Finding a good analytic characterization of $n(N)$ is tricky. Let's first consider the relaxation where $N = \frac{n}{\log n}$ without the flooring restriction. Here's a somewhat nonintuitive approximation: let $m(z) = 1 + \frac{1}{z}$, let's see how $\frac{m(z)}{\log m(z)}$ behaves as a function of $z$:

$$ \begin{array}{ccc} z = 1 & 10 & 100 & 1000 & 10000 \\ 2.88\dots & 11.54\dots & 101.50\dots & 1001.50\dots & 10001.50\dots \end{array} $$

Asymptotically, this seems to give a good approximation of $n(N)$.

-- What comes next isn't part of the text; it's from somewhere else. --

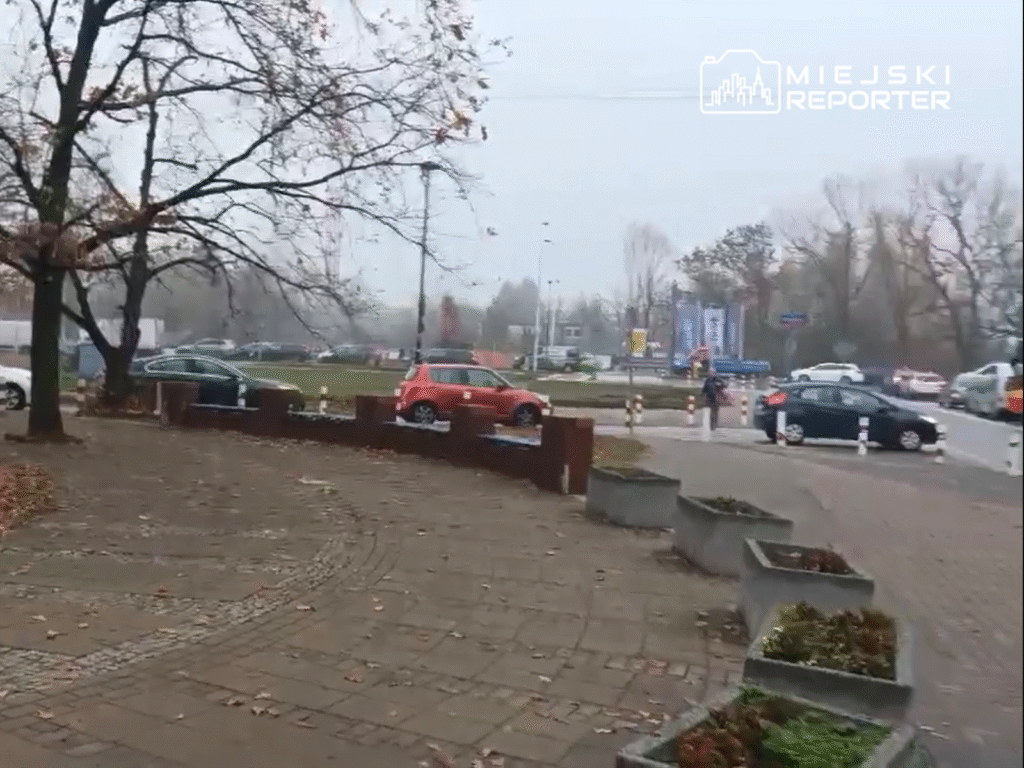 Ruchliwe skrzyżowanie w pochmurny dzień, na pierwszym planie samochody oraz osoby spacerujące po chodniku.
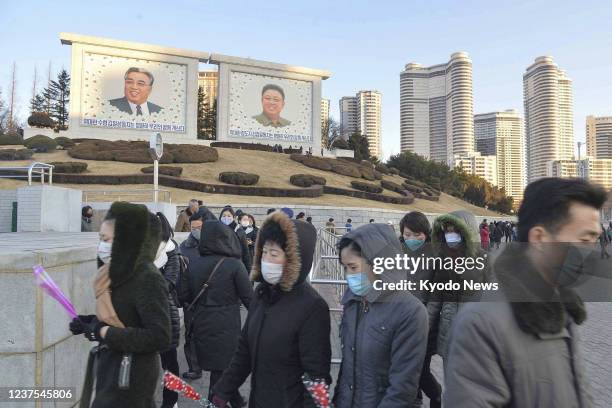 People wearing face masks amid COVID-19 concerns walk in Pyongyang on Dec. 17, 2021.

In fact, the Laurent series for $n(z)$ around $z = \infty$ is $$ n(z) = 1 + \frac{1}{z} + \frac{3}{2z^2} + O(z^{-3}) $$ and a second order truncation seems to be a good approximation for nearly all positive integers (even if we add in the flooring restriction, it is the correct answer for $N \ge 2$). Therefore, we're looking for the telescoping series $$ T(N) = \sum_{1 \le k \le N} n(k) = N + H(N) + \frac{\pi^2}{4} - \frac{3}{2} \cdot \frac{3 + 2N}{2(N+1)^2} + O(N^{-2}) $$ where $H(N) = \sum_k^N k^{-1} = O(\log N)$ is the harmonic series. This then shows that a tighter bound for your series is just $\Theta(N)$ asymptotically.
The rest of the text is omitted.